As the Australian government, like all governments with their own sovereign currency is not fiscally constrained, and can create as many Australian dollars as it chooses (apart from spending excessively locally that inflation results), what would stop the Australian government using ‘created’ $AU to go on an international spending spree to buy up the world’s corporations, property, agricultural land, fine art, precious metals and any other nice to have foreign assets?

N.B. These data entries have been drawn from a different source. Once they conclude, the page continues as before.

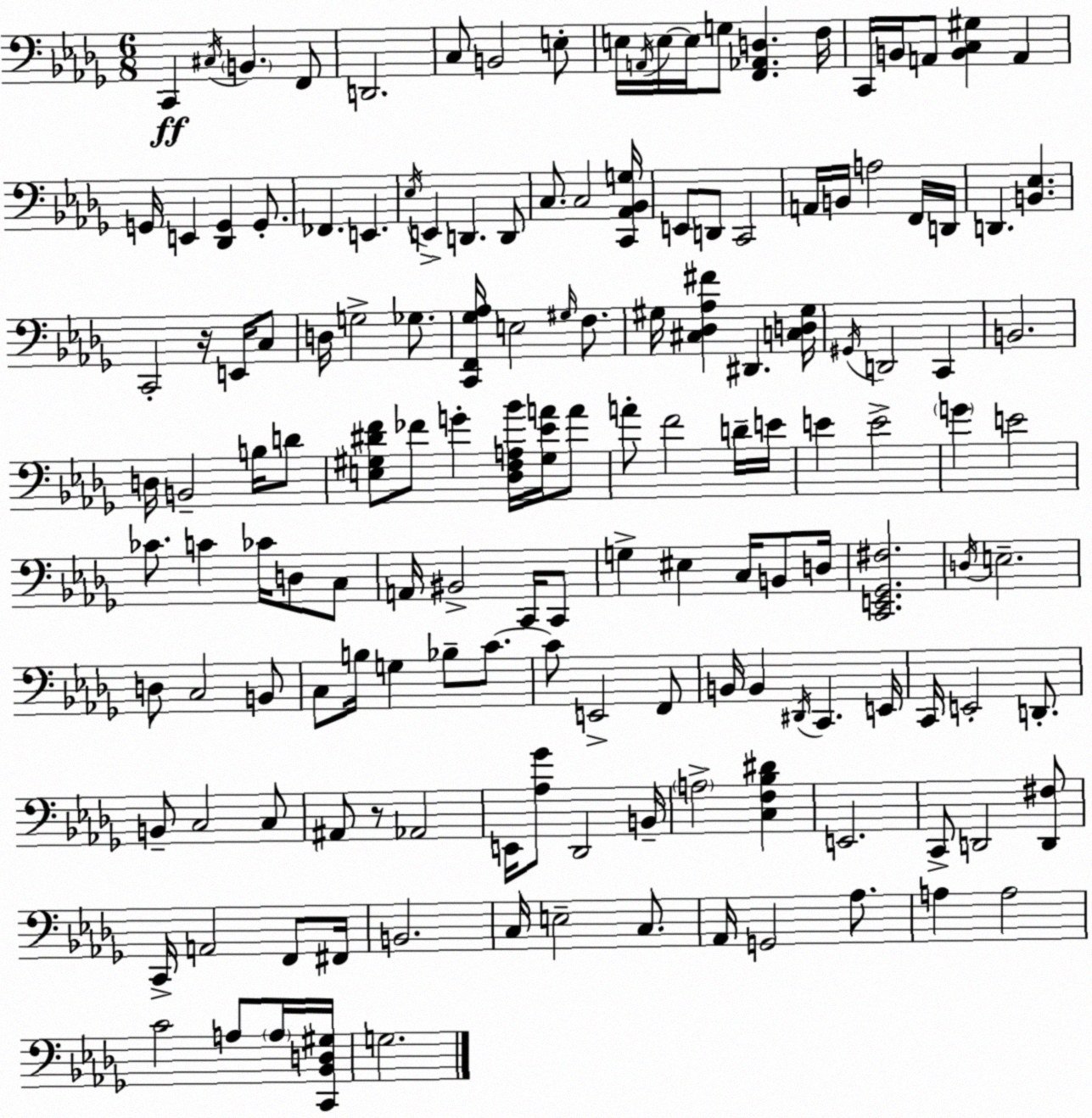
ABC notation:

X:1
T:Untitled
M:6/8
L:1/4
K:Bbm
C,, ^C,/4 B,, F,,/2 D,,2 C,/2 B,,2 E,/2 E,/4 A,,/4 E,/4 E,/4 G,/2 [F,,_A,,D,] F,/4 C,,/4 B,,/4 A,,/2 [B,,C,^G,] A,, G,,/4 E,, [_D,,G,,] G,,/2 _F,, E,, _E,/4 E,, D,, D,,/2 C,/2 C,2 [C,,_A,,_B,,G,]/4 E,,/2 D,,/2 C,,2 A,,/4 B,,/4 A,2 F,,/4 D,,/4 D,, [B,,_E,] C,,2 z/4 E,,/4 C,/2 D,/4 G,2 _G,/2 [C,,F,,_G,_A,]/4 E,2 ^G,/4 F,/2 ^G,/4 [^C,_D,_A,^F] ^D,, [C,D,^G,]/4 ^G,,/4 D,,2 C,, B,,2 D,/4 B,,2 B,/4 D/2 [E,^G,^DF]/2 _F/2 G [_D,F,A,_B]/4 [^G,_EA]/4 A/2 A/2 F2 D/4 E/4 E E2 G E2 _C/2 C _C/4 D,/2 C,/2 A,,/4 ^B,,2 C,,/4 C,,/2 G, ^E, C,/4 B,,/2 D,/4 [C,,E,,_G,,^F,]2 D,/4 E,2 D,/2 C,2 B,,/2 C,/2 B,/4 G, _B,/2 C/2 C/2 E,,2 F,,/2 B,,/4 B,, ^D,,/4 C,, E,,/4 C,,/4 E,,2 D,,/2 B,,/2 C,2 C,/2 ^A,,/2 z/2 _A,,2 E,,/4 [_A,_G]/2 _D,,2 B,,/4 A,2 [C,F,_B,^D] E,,2 C,,/2 D,,2 [D,,^F,]/2 C,,/4 A,,2 F,,/2 ^F,,/4 B,,2 C,/4 E,2 C,/2 _A,,/4 G,,2 _A,/2 A, A,2 C2 A,/2 A,/4 [C,,_B,,D,^G,]/4 G,2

To Xanti, Jerry Brown ant Stelios:
Thank you all very much for your answers, I think I understand now. Even though the bond sales reduce the deposits of the ones who buy bonds, this is unlikely to affect the possible inflationary pressure of new demand, as bonds are very liquid and the households already had a desire for savings. And the overall amount of assets still rise no matter what.
Thanks again!
No surprise here. All the IMF presidents are European.

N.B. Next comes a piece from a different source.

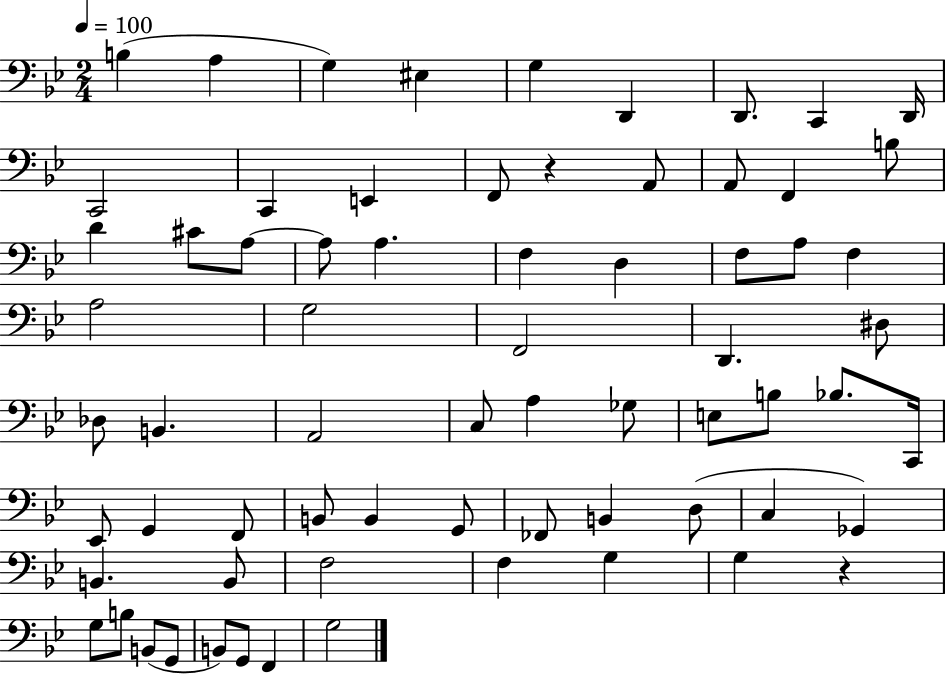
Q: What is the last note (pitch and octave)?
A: G3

Most have been ministers in cabinets. The last three, Rodrigo Rato, Dominique Strauss-Kahn and Christine Lagarde have demonstrated reckless behavior and connivance with corruption. Rato has been incarcerated several times and is being prosecuted in several corruption cases. Strauss-Kahn is a lecherous rapist. Lagarde was involved in the Tapie case. How can anything decent come out of that organization?
Andreas Bimba,
When Australia sells the world it’s resources that it has produced it gets paid in the local currency and this sits in the buyers central bank. So Australia does not need to create $AU to go on a world wide spending spree.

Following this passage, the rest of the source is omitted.